**AIM OF THE TASK:** Here are some records; copy every line that holds the word "Triangle".

Dataset entries
-------

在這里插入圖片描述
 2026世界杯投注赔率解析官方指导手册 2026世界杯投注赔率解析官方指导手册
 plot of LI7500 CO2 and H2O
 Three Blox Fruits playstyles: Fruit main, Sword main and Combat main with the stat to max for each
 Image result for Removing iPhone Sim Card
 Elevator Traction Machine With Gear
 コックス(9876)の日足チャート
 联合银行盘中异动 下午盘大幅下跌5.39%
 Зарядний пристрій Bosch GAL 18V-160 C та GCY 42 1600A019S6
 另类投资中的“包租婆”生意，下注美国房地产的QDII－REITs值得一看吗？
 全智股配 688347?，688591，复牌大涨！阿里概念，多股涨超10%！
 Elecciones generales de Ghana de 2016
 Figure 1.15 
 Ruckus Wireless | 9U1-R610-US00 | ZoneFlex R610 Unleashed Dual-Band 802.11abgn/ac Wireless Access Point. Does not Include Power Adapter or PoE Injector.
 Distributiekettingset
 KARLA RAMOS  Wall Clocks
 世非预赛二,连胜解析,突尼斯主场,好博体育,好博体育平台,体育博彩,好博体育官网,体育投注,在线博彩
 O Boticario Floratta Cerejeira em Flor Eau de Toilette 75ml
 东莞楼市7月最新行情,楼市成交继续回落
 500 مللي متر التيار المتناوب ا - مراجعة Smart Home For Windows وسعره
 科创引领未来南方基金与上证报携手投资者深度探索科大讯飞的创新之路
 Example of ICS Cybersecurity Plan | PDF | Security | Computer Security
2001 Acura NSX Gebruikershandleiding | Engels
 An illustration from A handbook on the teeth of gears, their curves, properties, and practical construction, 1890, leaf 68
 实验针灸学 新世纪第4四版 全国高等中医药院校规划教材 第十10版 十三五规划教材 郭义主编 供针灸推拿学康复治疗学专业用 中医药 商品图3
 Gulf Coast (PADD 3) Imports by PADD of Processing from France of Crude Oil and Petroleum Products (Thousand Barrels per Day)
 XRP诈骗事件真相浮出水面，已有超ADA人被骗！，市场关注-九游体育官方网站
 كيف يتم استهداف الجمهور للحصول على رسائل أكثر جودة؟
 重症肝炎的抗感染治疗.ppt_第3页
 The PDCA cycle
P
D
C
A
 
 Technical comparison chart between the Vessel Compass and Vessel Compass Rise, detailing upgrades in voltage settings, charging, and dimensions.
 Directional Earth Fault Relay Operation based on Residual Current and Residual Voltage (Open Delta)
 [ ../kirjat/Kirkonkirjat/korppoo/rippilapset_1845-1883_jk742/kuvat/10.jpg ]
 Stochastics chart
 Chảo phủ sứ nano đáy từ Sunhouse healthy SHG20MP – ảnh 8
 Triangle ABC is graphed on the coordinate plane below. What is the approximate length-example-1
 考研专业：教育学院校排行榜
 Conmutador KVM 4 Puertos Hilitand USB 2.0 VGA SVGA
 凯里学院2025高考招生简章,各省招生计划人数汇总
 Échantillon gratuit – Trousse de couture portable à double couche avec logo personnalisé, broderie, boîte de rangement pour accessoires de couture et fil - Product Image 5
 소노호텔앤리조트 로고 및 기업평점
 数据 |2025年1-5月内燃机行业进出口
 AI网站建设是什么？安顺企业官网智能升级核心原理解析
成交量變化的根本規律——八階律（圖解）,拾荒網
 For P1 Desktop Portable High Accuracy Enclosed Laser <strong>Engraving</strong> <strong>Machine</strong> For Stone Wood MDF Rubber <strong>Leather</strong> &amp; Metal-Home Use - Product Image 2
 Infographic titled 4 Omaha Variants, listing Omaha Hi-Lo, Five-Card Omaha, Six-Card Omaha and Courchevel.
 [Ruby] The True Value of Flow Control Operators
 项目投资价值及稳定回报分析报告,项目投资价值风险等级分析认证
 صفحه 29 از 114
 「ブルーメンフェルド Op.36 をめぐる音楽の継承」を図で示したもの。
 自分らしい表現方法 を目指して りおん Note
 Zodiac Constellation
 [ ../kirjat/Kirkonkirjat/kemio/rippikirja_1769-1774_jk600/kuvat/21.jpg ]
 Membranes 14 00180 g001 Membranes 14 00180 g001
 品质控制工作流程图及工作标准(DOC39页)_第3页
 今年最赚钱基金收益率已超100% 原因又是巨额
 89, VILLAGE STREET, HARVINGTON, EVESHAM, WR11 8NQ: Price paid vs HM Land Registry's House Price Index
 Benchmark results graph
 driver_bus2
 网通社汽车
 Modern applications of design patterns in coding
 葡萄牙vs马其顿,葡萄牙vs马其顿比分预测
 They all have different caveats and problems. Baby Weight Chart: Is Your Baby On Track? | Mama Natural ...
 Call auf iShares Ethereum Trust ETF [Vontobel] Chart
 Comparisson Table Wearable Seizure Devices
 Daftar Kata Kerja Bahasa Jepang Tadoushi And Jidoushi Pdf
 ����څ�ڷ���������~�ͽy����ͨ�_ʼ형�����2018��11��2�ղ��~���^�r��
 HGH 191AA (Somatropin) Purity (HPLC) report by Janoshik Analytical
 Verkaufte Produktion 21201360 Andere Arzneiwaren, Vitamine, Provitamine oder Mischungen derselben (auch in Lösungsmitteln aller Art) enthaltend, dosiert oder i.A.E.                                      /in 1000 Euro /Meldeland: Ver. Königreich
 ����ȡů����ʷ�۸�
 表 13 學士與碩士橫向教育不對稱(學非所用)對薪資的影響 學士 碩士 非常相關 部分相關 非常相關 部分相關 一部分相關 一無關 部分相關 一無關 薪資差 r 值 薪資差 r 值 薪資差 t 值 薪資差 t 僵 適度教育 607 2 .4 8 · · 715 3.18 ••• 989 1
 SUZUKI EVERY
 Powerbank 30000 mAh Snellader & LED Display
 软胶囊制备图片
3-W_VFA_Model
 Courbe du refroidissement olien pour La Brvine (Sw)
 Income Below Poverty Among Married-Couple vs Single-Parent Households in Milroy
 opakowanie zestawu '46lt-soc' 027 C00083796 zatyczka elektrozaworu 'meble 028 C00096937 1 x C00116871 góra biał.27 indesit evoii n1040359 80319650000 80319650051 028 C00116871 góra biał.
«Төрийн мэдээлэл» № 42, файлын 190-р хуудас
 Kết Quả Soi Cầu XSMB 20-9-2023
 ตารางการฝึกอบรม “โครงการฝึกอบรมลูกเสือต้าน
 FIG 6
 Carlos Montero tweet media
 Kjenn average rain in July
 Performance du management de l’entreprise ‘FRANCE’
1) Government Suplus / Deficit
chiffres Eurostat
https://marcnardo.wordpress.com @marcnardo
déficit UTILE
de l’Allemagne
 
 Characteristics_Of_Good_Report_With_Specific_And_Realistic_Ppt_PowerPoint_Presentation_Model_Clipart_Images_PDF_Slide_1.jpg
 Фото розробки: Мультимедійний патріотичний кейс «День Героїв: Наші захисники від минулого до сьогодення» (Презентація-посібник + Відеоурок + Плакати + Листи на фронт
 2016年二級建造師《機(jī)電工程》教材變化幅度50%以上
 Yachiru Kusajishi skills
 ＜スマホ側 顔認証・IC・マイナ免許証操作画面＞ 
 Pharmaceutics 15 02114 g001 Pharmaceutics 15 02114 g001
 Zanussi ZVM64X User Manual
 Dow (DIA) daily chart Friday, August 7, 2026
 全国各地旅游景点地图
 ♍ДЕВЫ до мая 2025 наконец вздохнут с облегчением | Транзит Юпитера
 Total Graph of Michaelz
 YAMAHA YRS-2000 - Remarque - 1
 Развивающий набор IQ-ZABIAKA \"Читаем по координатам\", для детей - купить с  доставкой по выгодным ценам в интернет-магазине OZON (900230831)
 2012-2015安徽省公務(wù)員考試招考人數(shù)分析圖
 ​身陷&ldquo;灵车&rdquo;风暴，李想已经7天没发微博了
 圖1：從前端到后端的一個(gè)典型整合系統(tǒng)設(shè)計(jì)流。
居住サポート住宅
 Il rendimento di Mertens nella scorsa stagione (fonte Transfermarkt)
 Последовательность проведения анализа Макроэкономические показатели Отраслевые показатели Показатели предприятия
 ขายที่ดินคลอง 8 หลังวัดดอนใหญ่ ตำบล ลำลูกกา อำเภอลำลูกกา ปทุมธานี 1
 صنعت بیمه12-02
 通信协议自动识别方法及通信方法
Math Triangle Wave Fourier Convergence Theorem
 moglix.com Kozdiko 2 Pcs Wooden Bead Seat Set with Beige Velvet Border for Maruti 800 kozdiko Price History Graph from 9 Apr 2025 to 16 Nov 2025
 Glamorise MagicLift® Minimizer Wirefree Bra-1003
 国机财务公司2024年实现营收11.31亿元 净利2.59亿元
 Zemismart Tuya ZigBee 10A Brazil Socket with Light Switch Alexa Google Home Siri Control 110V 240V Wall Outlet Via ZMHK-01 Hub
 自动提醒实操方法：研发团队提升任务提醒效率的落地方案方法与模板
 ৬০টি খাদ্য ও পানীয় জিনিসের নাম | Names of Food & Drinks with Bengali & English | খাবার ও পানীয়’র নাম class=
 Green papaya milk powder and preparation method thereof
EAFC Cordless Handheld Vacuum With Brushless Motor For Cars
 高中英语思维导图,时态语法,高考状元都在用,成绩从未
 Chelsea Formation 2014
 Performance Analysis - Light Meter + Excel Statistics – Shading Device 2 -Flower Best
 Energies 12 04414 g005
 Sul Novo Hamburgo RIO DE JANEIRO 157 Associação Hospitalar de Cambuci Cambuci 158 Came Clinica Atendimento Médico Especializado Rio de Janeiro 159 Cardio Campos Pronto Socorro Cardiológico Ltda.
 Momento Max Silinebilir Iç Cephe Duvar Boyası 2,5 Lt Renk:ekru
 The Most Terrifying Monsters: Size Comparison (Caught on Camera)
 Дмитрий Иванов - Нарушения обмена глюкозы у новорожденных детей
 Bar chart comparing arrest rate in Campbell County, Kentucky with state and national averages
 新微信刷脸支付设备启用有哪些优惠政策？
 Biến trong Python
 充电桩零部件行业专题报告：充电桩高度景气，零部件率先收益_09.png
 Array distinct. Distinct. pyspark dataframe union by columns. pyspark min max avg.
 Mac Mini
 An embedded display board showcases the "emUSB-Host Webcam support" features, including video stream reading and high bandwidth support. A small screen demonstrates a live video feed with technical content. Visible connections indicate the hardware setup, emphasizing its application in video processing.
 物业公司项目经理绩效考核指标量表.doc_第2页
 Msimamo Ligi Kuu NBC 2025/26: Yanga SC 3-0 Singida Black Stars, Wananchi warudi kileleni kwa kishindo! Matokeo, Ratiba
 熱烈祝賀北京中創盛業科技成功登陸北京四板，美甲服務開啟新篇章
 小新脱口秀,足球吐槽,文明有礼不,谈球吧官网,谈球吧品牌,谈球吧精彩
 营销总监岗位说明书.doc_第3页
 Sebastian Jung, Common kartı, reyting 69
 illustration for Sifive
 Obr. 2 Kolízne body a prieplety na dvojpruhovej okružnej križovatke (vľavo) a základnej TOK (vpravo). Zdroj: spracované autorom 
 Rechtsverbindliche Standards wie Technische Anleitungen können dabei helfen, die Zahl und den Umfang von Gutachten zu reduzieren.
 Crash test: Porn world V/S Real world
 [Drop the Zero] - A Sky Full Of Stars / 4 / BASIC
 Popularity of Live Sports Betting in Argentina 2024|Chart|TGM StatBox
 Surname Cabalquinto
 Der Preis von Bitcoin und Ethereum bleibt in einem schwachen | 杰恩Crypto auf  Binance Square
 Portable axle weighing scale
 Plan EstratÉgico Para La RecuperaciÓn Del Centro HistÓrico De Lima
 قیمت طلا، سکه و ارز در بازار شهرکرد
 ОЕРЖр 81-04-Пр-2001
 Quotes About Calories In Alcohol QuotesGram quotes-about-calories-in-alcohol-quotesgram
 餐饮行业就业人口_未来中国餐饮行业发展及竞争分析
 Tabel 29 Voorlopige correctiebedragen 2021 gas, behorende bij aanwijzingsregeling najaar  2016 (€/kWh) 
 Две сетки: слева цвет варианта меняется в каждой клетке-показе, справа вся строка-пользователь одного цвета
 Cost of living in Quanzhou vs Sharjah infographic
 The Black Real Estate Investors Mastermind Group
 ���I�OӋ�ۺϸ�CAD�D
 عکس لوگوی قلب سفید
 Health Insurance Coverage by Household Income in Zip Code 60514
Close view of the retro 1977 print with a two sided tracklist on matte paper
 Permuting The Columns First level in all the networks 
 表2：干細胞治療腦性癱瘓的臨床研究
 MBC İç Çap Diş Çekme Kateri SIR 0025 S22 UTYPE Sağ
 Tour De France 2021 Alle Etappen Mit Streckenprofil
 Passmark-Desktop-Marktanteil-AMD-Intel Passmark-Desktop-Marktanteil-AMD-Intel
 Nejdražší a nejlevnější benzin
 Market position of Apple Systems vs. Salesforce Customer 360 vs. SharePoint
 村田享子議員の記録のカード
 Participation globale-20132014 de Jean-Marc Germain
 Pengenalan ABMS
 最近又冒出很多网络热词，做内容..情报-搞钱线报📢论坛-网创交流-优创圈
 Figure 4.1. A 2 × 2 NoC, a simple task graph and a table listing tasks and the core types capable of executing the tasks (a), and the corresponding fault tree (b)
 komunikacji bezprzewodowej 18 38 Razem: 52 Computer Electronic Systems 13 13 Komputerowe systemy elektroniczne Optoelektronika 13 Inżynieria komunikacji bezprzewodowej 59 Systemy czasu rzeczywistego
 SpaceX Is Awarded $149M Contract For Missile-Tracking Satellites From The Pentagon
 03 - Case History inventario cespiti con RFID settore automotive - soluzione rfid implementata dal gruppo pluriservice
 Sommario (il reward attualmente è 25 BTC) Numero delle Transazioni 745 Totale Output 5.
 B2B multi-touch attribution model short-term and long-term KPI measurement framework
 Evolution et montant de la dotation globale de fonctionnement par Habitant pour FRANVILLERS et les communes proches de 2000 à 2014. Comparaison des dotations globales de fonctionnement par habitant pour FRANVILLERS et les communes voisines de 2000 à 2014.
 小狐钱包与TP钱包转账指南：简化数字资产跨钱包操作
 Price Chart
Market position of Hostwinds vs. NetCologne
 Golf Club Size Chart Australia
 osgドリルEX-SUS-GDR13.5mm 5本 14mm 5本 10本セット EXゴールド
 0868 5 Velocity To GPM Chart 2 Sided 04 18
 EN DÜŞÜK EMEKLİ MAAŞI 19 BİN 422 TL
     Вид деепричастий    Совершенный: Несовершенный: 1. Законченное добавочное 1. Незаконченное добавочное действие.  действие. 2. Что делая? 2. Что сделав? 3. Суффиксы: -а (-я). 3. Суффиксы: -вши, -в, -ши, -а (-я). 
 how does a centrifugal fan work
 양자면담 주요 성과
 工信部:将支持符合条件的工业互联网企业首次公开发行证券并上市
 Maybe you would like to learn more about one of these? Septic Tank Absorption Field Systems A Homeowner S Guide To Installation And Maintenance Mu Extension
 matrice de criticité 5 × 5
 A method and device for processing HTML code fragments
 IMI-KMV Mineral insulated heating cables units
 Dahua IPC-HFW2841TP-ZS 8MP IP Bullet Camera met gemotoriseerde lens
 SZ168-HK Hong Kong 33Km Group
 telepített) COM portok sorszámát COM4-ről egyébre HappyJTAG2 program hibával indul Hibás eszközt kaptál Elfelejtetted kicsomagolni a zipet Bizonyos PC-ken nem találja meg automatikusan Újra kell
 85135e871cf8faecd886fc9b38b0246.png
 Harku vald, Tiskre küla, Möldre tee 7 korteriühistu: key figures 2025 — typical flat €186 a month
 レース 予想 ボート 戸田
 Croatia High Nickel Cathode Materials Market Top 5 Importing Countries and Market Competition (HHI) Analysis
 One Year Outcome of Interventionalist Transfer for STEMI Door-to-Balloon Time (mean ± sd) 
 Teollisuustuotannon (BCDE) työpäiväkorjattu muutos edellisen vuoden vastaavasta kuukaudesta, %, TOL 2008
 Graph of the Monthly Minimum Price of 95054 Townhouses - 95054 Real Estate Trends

-------

**TASK RESPONSE:**
 Triangle ABC is graphed on the coordinate plane below. What is the approximate length-example-1
Math Triangle Wave Fourier Convergence Theorem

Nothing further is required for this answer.